背景：电子健康记录（EHRs）的日益普及使得对真实世界数据的研究成为可能。在德国，这仅限于大学医院，缺乏大学以下急症护理医院的数据。为了解决这个问题，我们使用已建立的设计模式来构建一个数据平台，该平台在患者同意的情况下汇总和标准化假名电子病历数据。目的：我们报告了研究平台的设计和实施，以及患者参与和平台扩展过程中的经验教训，以将来自77家医院的真实数据（经参与者同意）纳入统一的数据湖。方法：由于EHR采用、IT基础设施、软件供应商、接口可用性和监管要求的变化，我们使用了一个敏捷开发周期，该周期涉及持续的、增量的数据标准化。我们在Apache Hadoop上实现了一个分层的lambda基础设施。分散的连接器确保了数据最小化和假名化。未标记：我们在77家医院成功地纵向和横向扩展了我们的数据模型。然而，我们在扩展实时数据管道和集成医疗保健企业（IHE）接口时遇到了一些问题。在前2年中，患者在住院期间被要求同意使用次要数据1,475,244次。我们登记了1,023,633个广泛的同意案例（同意率为70.2%）。结论：患者通常愿意同意其数据的二次使用，但获得同意需要付出相当大的努力。建立研究数据平台不是最终目标，而是收集和标准化纵向数据以实现对现实数据的研究的必要步骤。通过结合敏捷开发、分阶段推出和非常高水平的自动化，我们已经能够实现快速的周转时间，以整合用户反馈，并不断改进数据质量和标准化。

本文章由计算机程序翻译，如有差异，请以英文原文为准。

求助全文

约1分钟内获得全文求助全文

来源期刊

JMIR Medical Informatics Medicine-Health Informatics

CiteScore

7.90

自引率

3.10%

发文量

173

审稿时长

12 weeks

期刊介绍： JMIR Medical Informatics (JMI, ISSN 2291-9694) is a top-rated, tier A journal which focuses on clinical informatics, big data in health and health care, decision support for health professionals, electronic health records, ehealth infrastructures and implementation. It has a focus on applied, translational research, with a broad readership including clinicians, CIOs, engineers, industry and health informatics professionals.

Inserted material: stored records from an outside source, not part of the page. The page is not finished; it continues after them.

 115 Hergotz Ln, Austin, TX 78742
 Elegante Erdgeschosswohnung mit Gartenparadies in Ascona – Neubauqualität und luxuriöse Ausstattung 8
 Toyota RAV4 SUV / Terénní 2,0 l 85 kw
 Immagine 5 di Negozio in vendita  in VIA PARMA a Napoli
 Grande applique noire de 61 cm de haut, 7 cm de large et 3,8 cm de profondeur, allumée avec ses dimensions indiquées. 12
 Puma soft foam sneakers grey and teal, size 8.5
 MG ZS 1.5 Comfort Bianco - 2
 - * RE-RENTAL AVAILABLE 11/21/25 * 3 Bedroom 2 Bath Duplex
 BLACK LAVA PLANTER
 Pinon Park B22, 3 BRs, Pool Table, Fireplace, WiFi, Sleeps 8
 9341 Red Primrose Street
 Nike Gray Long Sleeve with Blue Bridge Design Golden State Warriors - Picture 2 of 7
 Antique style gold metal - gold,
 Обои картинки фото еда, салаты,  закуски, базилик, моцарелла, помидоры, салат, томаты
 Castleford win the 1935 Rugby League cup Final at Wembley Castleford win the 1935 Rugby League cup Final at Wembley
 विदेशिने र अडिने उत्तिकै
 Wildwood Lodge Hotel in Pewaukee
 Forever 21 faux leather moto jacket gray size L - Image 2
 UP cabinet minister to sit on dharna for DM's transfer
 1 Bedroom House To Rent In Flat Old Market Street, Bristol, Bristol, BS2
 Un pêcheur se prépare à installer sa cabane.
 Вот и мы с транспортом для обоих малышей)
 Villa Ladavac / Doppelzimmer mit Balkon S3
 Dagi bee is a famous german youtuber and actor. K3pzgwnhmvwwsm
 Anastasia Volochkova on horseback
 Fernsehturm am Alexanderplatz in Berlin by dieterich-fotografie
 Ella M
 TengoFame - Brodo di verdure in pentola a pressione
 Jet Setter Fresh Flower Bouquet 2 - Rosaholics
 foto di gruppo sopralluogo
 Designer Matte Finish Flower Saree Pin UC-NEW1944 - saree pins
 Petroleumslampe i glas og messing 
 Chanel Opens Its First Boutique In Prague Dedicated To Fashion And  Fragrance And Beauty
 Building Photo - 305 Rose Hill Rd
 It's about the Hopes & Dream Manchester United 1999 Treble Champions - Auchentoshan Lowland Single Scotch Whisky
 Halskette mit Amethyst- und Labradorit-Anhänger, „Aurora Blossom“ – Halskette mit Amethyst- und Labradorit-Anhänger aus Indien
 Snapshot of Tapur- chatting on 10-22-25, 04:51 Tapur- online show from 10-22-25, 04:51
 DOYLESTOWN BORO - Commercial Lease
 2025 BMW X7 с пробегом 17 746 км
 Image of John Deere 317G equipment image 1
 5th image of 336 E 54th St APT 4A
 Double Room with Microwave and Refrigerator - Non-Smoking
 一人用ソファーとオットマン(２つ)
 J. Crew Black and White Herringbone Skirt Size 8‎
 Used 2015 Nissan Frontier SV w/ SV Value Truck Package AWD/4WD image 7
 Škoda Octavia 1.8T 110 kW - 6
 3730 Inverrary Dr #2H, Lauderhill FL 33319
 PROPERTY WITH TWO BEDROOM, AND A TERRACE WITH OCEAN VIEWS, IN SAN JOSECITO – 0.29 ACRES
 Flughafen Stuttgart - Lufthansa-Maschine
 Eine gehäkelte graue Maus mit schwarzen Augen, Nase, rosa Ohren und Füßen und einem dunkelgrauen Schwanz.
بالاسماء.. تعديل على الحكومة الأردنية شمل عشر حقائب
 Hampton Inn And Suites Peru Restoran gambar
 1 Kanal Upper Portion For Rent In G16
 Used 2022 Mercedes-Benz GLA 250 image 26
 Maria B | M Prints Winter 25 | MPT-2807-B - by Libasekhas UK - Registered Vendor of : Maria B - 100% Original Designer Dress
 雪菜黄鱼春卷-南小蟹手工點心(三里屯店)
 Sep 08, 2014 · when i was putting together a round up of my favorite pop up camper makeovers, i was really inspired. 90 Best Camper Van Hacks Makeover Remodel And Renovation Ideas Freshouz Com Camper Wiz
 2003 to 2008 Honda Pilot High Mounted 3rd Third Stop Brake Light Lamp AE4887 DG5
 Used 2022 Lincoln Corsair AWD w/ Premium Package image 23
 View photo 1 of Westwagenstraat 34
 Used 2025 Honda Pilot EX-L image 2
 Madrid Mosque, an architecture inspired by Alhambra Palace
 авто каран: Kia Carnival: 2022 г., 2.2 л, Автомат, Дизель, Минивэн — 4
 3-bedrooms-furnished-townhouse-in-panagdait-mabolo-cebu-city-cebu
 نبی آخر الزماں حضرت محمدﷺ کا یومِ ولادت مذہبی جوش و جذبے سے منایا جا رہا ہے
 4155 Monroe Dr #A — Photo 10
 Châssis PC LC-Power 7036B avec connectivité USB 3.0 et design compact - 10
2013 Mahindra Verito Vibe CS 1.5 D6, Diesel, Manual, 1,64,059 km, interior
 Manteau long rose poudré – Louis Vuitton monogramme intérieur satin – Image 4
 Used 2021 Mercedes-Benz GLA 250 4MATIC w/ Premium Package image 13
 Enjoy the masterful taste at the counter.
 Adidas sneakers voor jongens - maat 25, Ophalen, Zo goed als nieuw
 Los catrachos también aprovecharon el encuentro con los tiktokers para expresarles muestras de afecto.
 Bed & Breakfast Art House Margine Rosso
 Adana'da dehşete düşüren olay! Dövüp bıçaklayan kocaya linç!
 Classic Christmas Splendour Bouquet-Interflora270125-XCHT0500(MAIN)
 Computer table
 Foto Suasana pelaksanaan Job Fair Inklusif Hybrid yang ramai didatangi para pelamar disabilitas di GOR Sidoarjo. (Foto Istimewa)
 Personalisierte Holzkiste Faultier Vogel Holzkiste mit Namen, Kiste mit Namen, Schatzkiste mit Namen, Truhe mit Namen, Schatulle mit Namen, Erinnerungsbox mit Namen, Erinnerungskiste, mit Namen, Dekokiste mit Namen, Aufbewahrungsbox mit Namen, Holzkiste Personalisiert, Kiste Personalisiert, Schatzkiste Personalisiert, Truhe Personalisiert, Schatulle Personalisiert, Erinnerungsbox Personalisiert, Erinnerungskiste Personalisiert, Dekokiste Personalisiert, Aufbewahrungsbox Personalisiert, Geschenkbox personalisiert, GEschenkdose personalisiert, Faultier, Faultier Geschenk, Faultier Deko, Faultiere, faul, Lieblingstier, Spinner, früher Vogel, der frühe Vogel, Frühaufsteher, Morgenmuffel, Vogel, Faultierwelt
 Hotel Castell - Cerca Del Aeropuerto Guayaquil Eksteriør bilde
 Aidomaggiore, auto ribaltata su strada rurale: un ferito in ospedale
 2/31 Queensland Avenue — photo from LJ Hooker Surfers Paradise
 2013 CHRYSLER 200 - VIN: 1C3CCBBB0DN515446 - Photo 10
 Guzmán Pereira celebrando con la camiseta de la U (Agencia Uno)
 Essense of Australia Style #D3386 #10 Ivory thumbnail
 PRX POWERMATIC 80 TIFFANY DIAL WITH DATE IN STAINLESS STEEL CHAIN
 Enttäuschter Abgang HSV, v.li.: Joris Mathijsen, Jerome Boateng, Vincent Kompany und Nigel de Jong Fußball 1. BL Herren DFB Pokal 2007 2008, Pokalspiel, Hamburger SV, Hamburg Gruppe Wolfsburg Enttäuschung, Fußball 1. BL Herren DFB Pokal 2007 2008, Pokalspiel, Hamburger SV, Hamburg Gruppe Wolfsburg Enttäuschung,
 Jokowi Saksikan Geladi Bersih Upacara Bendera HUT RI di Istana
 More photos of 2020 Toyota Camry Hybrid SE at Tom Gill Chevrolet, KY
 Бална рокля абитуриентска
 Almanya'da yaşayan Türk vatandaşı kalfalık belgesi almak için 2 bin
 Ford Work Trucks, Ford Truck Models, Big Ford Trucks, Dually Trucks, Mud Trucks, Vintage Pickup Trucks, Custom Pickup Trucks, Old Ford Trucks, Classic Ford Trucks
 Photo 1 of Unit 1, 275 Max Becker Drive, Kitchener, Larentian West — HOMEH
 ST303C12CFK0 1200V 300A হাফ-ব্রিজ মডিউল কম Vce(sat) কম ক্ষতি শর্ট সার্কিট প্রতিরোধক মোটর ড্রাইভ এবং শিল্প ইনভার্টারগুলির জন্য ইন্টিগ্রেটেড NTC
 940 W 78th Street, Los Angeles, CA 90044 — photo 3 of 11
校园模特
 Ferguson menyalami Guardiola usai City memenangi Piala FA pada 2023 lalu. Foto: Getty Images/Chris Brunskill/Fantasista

Published by JMIR Publications, publisher of the Journal of Medical Internet Research (JMIR), the leading eHealth/mHealth journal (Impact Factor 2016: 5.175), JMIR Med Inform has a slightly different scope (emphasizing more on applications for clinicians and health professionals rather than consumers/citizens, which is the focus of JMIR), publishes even faster, and also allows papers which are more technical or more formative than what would be published in the Journal of Medical Internet Research.